Interview: Ripple’s chief cryptographer on bitcoin and the company’s changing strategy

Originally published on bobsguide.

San Francisco-based Ripple has had meteoric success, many would argue off the back of the crypto hype but few can deny the possibilities of what the company was bringing to market: Remittance and international settlement in seconds – not hours or days.

It has the correspondent banking world looking on in interest. Directors and treasurers from large financial institutions are observing them keenly, raising experienced industry eyes over the use case and white papers, pulling it apart for any cracks or discrepancies.

Still in its pilot phase, Ripple has taken full advantage of the collaboration trend seen in the financial industry since 2015 while the incumbent versus challenger debate raged hotly.

Ripple now has a network of 100 or so banks and has inevitably been drawn against SWIFT. But how will the firm sustain its rise beyond pilot?

To answer this trillion-dollar question, bobsguide spoke to David Schwartz, second employee at Ripple and current chief cryptographer at Money2020 in Amsterdam. Schwartz discussed how the Ripple vision has changed since its inception and how the same vision will keep it from the pitfalls other digital giants have succumbed to.

How does one come to be the chief cryptographer at one of the most exciting blockchain start-ups?

I was working as a software developer focused on cryptography for a company in Silicon Valley, but they ran into some interesting financial problems due to the real estate collapse.

In 2011 I discovered bitcoin just by luck and started examining it and taking it apart and it resonated with my slightly libertarian side –  not so much anti-disestablishment – but the idea of giving people control over their money was appealing to me as a principle.

That comes from my politics, and I’d love to see the US adopt instant run-off voting or fusion voting – allowing people to express second and third preferences; if there’s one thing the Republicans and Democrats agree on, it’s that the two-party system is great. Anyone who is in power is predisposed to like the mechanism that put them there.

Having found bitcoin, I started looking at how money moves, and realised quite how archaic the system is. It’s not something you’d design on a clean sheet of paper and, even the innovation we’ve seen, has all been at the top while the base has stayed the same for decades.

At the time, we thought – naively – that bitcoin could be the world’s ledger and mining would distribute throughout the world fairly.

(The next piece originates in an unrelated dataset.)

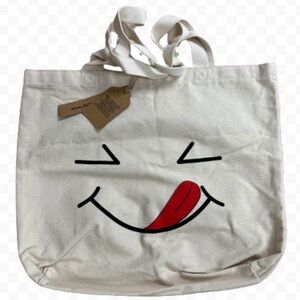 Better Made Organic Cotton Cream Color “Delish” Shopping Tote NWT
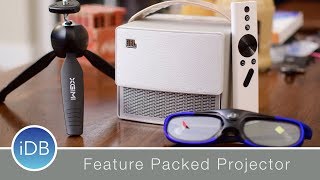 Aurora CC Portable HD Projector Supports AirPlay Mirroring Builtin Apps amp Much More [upl. by Esilram]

I got in just about the time it was starting to fail, when the cracks were starting to show, and that it wasn’t turning out to be the solution to everything. This was an area that’s ripe for innovation and development, I thought.

Along with Jed McCaleb, we started to explore better ways to progress in ledger technology without a central authority and, already the cracks and proof of works were being to show.

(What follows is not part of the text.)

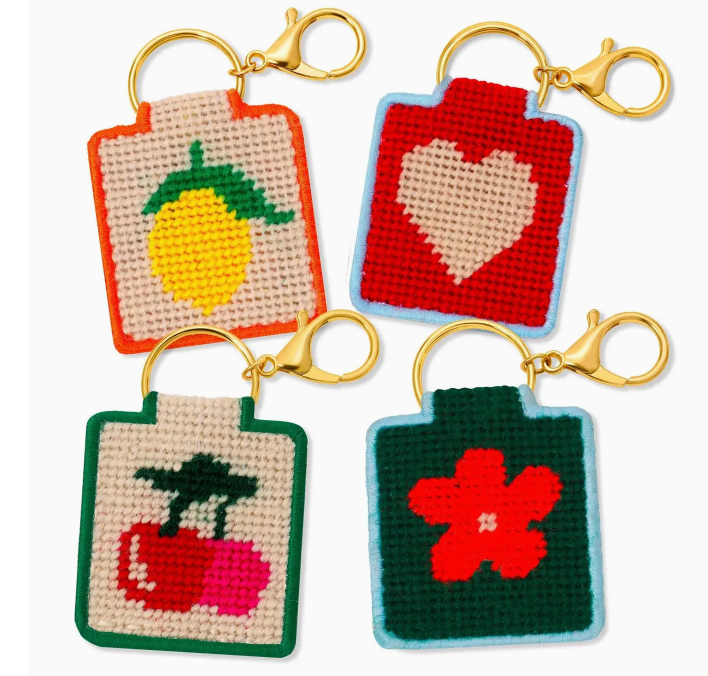 Beginner Needlepoint Keychain Kits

One of the big cracks in the bitcoin ecosystem is that miners are sending millions of dollars to electric companies every day, where’s that money coming from? The miners aren’t creating that value, but from the users and traders who are trying to make it work, they’re producing the value that the miners are sucking out of the system; that’s not a sustainable model.

That was the first crack.

We had the idea to make use of this distributed agreement protocol. That was informed by the bitcoin protocol. It was almost like we’d stumbled across an alien artefact that did something amazing, and we’d study it to work out what the magic secret sauce is.

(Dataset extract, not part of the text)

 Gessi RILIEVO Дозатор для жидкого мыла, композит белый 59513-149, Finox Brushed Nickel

At the time, most people thought proof of work was the secret sauce because that was the last piece to be developed. I think they’re wrong and it’s an accident of chronology.

The actual secret sauce is the fact that all the data is public, every participant verifies each transaction, and nobody has any legal authority to control. Proof of work was just the implementation they chose on top of that and it’s also expensive and forces stagnation.

That led to the creation of the XRP ledger which is a system built to solve the double spend problem with a decentralised exchange built into it. Our original business model was to forget bitcoin and put the entire world on our ledger. It’s faster and cheaper so everybody should do everything on our ledger. That still isn’t quite right but now we’re much more focused on specific use cases and interoperability.

This brought us to Ripple’s specific use case which is settling international payments which is a bit of mess today. The vision is to have regional liquidity hubs settled by XRP instead of a correspondent banking system.

What aspects of cryptography do you and Ripple deal in?

I deal with two basic technologies, digital signatures and Secure Hash Algorithms (SHA). A digital signature is an identity which is reflected cryptographically and means that we don’t know your name, address, social security number et cetera on the ledger.

But, on a decentralised system you need something anyone can verify, and that’s essentially a key. When you want to transfer XRP, you prove that you initiated it by demonstrating you possess the matching key.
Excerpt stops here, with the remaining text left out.